Hegel has been smiled at for bringing the grand march of the Divine Idea in history to a sort of destination in the “practical and political condition existing in Prussia in 1821.” Marx never joined in this smile. Marx scoffed at the Divine Idea, but took the grand march in history with monumental seriousness. The absurdity of stopping a locomotive universe at the precise point where his revolutionary ideals were realized never occurred to him. Wishful thinking is too instinctive, especially among German philosophers, and Marx was too arrogantly adept at it. But if we are going to be seriously realistic, we’ll have to make clear to ourselves that there is no end to the human journey. In our millennium well have to be content if things are “going well,” and not ask them to exist fixedly, as heaven does, in a state of perfection.
Another mistake of the Socialists was to imagine that there might be brotherly peace in a free society—a settlement, that is, of all head-on conflicts of interest, all caste and class struggles.
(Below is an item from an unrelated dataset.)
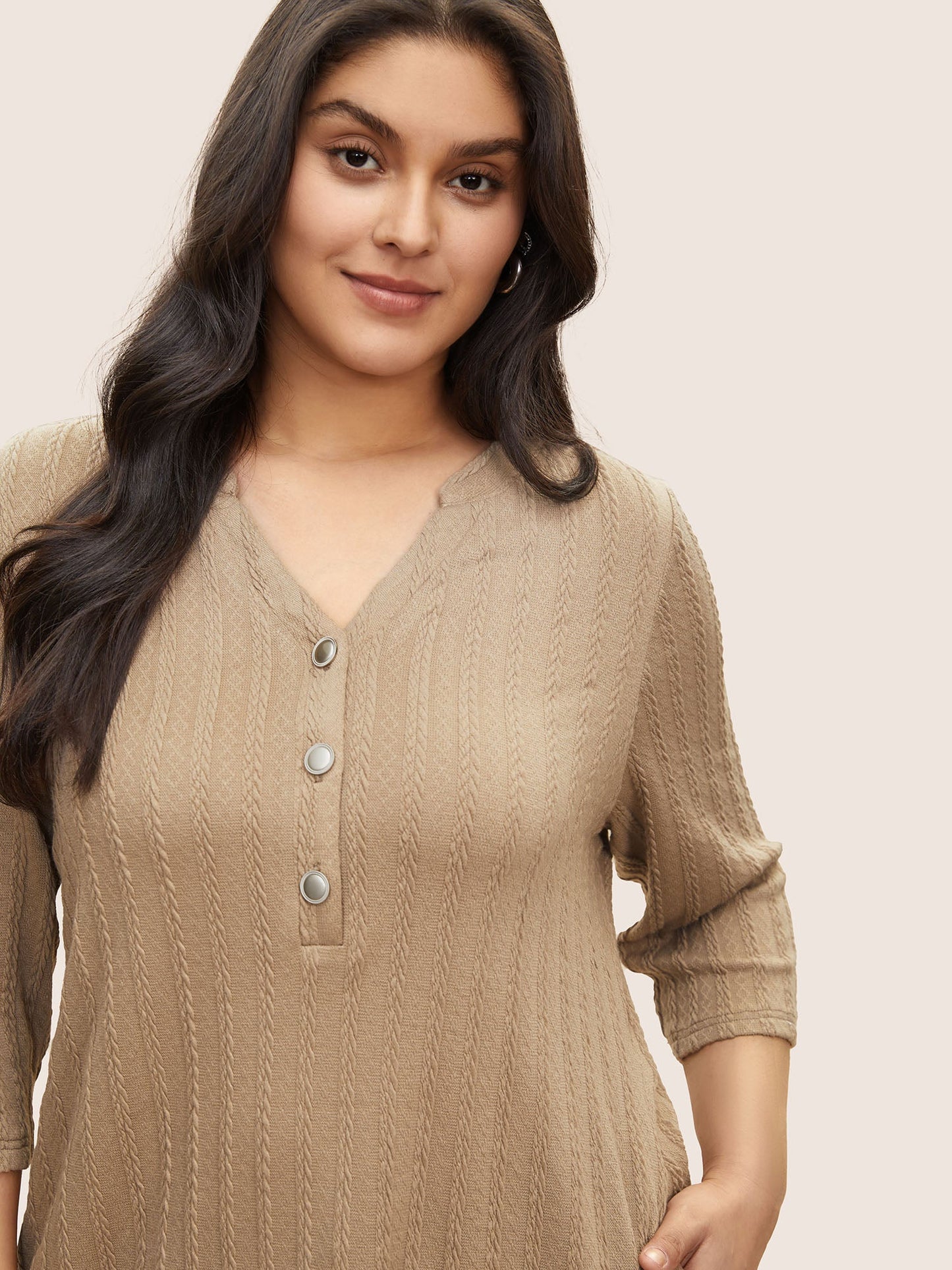 9e9063eb-2b3e-4397-8308-64234a575969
That might happen in heaven, but on earth men will always divide into groups with conflicting interests. As civilization advances they will divide into more groups perhaps, but not less keenly opposed. The task of the social idealist is not to suppress these groupings, or try to reconcile them, but to keep them in a state of equilibrium—never to let any one get out of hand. Our liberties depend upon the success of this effort. Only where every powerful group needs freedom for itself in order to compete with others can society as a whole be free. Freedom is the name of the arena in which various social forces contend.
Libertarians used to tell us that “the love of freedom is the strongest of political motives,” but recent events have taught us the extravagance of this opinion. The “herd-instinct” and the yearning for paternal authority are often as strong. Indeed the tendency of men to gang up under a leader and submit to his will is of all political traits the best attested by history. It has been so shockingly exemplified in modern times that only a somnambulist could ignore it in trying to build, or defend, a free society. His first concern should be to make sure that no one gang or group—neither the proletariat, nor the capitalists, nor the landowners, nor the bankers, nor the army, nor the church, nor the government itself—shall have exclusive power.
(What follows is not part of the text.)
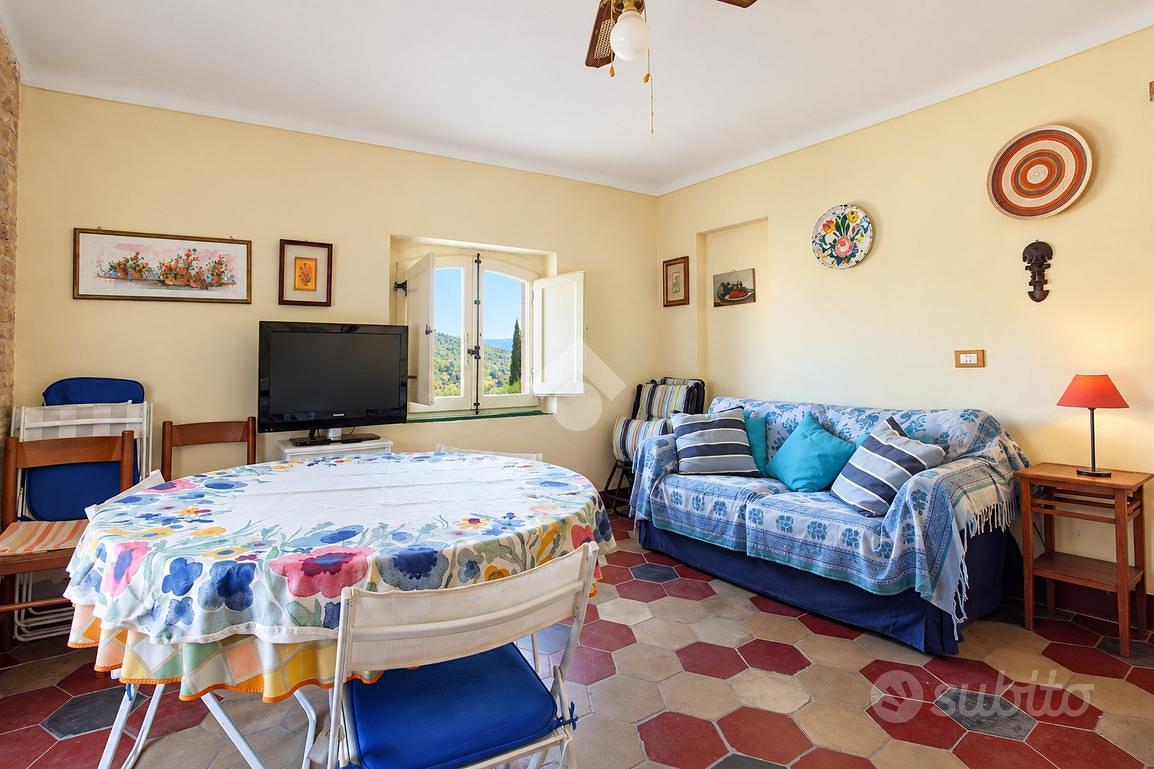 Appartamento – Roseto Degli Abruzzi, Piana Grande - Vista 5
This truth was apprehended by Plato and Aristotle, who preferred a “mixed constitution” in which a monarch, an aristocracy, and a popular assembly divide the power. For modern times it was formulated by the Italian, Gaetano Mosca, whose concept of an equilibrium of social forces seems actually to define the sole basis on which freedom can flourish.1 Marx, of course, was untouched by such ideas. Marx was not a scientist thinking out the forms of a new society in which men might be happy, but a prophet announcing a millennium to follow the day of doom for the kingdoms of this world.
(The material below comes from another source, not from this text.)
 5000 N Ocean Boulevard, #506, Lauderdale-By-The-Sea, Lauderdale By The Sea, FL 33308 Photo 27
In sane good sense we radicals should have been thankful that, when the bourgeoisie displaced the feudal lords, a new class of proletarians was born, capable of sufficient organization to stand permanently against the bourgeoisie. We should count it a great folly in the advocates of proletarian revolution that they had in mind no other group, which, in the post-revolutionary society, might perform this indispensable function. “Permanent Class Struggle” would have been a wiser slogan than “Conquest of Power by the Working Class.” For the idea that the victory of any one social force, whether you call it class, or vanguard of a class, or party, or executive committee, or politburo, or what you call it, could produce a “society of the free and equal,” is the most fatal of Marxism’s political mistakes. “Permanent Class Struggle” has, in fact, been the motto, or tacit assumption, of the American worker. And the American worker is far more sophisticated than the European, if only because he was too lazy to do his homework on Das Kapital. His mind is clear of a whole tangle of antique, animistic, and disproven notions.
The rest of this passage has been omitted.